Tozé Franco disse...

História impressionante.
Conheço um sujeito, que por causa da guerra colonial, cada vez que ouve foguetes, esconde-se debaixo das mesas.
Um abraço.

ASPÁSIA disse...

OLÁ TERESA

ESTE PERSONAGEM, TÃO BEM DESCRITO QUE PARECE QUE O VEMOS E OUVIMOS, EU DIRIA QUE ERA UM "VELHO DO ESTUÁRIO"... POIS AO CONTRÁRIO DO OUTRO FAZIA AS PREVISÕES APOCALÍPTICAS MAIS SOBRE A ÁGUA QUE SOBRE AS AREIAS DO RESTELO...

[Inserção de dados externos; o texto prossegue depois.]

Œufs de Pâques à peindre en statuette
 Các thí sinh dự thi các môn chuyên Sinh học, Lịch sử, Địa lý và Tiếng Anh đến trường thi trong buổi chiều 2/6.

MAIS UM CASO REVELADOR DA GRANDE COMPLEXIDADE DA MENTE HUMANA, CONSTANTEMENTE VÍTIMA DE TRAUMAS E SOFRIMENTOS QUE A PODEM FAZER ESTILHAÇAR-SE A TODO O MOMENTO DOS MAIS DIVERSOS MODOS E MATIZES...
CADA MENTE É UM UNIVERSO.
E SE A "HARMONIA DAS ESFERAS" É PERTURBADA, ENTÃO CADA MENTE PODE DESENCADEAR UM APOCALIPSE FATAL A SI PRÓPRIA OU AOS OUTROS.

BOA NOITE

BEIJINHOS HARMONIOSOS

ASPÁSIA disse...

OLA AMIGA

FINALMENTE FIZ UM SLIDESHOWSESCO (NÃO CONFUNDIR COM CEAUSESCU)... DA NOSSA TARDE IMPERIAL... ESTA NO JARDIM...

UMA BOA NOITE
NÃO SONHES CO O CALIGULA...

BJINHOS (OSCULARUM...)
:))

Perola Granito disse...

Grande cena, como tantas outras q nos vamos deparando por aí...

Perola Granito disse...

Grande cena, como tantas outras q nos vamos deparando por aí...

Perola Granito disse...

Grande cena, como tantas outras q nos vamos deparando por aí...

Alexandre disse...

Interessantíssima mais esta história que trouxeste! E muito bem escrita! Quantas pessoas não poderiam estar retratadas aqui!!!

Beijinhos e bom fim-de-semana!!!

Titá disse...

Não consegui ficar indiferente ao sofrimento desse homem.
Adorei o teu texto.
Beijinhos

Conceição Paulino disse...

não há dúvida de k há muitas formas de loucura.
Bom f.s
bjoca
Luz e paz

Conceição Paulino disse...

não há dúvida de k há muitas formas de loucura.